PHP cURL Web Scraping: The Complete Working Guide

#php #webdev #programming #tutorial

Most PHP cURL scraping tutorials show you two functions, a screenshot of some output, and call it a day.

This guide covers what actually happens on real websites: proper request setup, HTML parsing without regex, error handling, and pagination.

Full guide with MySQL storage, cookies, rate limiting, and avoiding blocks: phpspiderblog.com

Making a Proper cURL Request

The bare minimum most tutorials show:

$ch = curl_init();
curl_setopt($ch, CURLOPT_URL, "https://books.toscrape.com/");
curl_setopt($ch, CURLOPT_RETURNTRANSFER, true);
$response = curl_exec($ch);
curl_close($ch);

This works on cooperative websites.

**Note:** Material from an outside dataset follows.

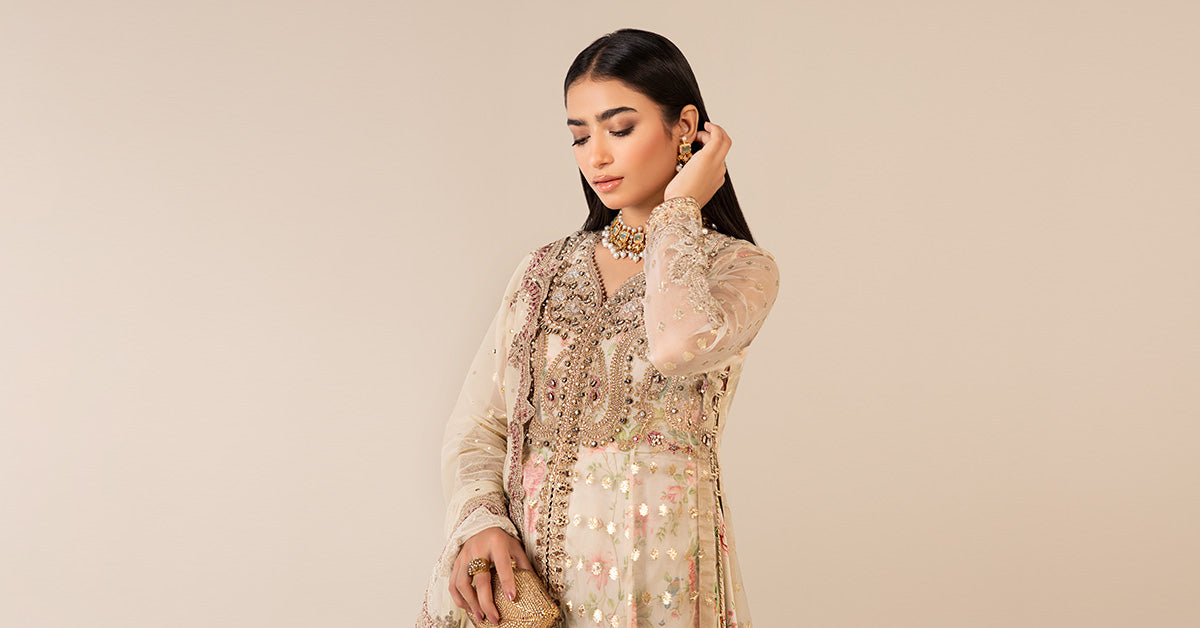 3 Piece Embroidered Organza Suit | SF-EF25-37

On anything with basic bot detection you'll get a 403 or empty response — and the script won't tell you why.

Here's a proper starting point:

function scrape_url($url) {
    $ch = curl_init();

    curl_setopt_array($ch, [
        CURLOPT_URL            => $url,
        CURLOPT_RETURNTRANSFER => true,
        CURLOPT_FOLLOWLOCATION => true,
        CURLOPT_MAXREDIRS      => 5,
        CURLOPT_TIMEOUT        => 30,
        CURLOPT_CONNECTTIMEOUT => 10,
        CURLOPT_ENCODING       => '',
        CURLOPT_HTTPHEADER     => [
            'User-Agent: Mozilla/5.0 (Windows NT 10.0; Win64; x64) AppleWebKit/537.36 (KHTML, like Gecko) Chrome/124.0.0.0 Safari/537.36',
            'Accept: text/html,application/xhtml+xml,application/xml;q=0.9,*/*;q=0.8',
            'Accept-Language: en-US,en;q=0.5',
            'Connection: keep-alive',
        ],
    ]);

    $response = curl_exec($ch);
    $error    = curl_error($ch);
    $httpCode = curl_getinfo($ch, CURLINFO_HTTP_CODE);

    curl_close($ch);

    if ($error) {
        echo "cURL error: " . $error;
        return false;
    }

    if ($httpCode !== 200) {
        echo "HTTP error: " . $httpCode;
        return false;
    }

    return $response;
}

$html = scrape_url("https://books.toscrape.com/");

if ($html) {
    echo "Page fetched. Length: " . strlen($html) . " bytes";
}

Output:

Page fetched. Length: 51274 bytes

Key options that matter:

CURLOPT_FOLLOWLOCATION — follows redirects. Without this, HTTP to HTTPS redirects return empty.
CURLOPT_TIMEOUT — without this a slow server blocks your script indefinitely.
User-Agent — without this, requests identify as a cURL bot and most sites block them.
CURLINFO_HTTP_CODE — curl_exec() returns false only on network failure, not on 403 or 404. Always check the status code separately.

Parsing HTML With DOMDocument (Not Regex)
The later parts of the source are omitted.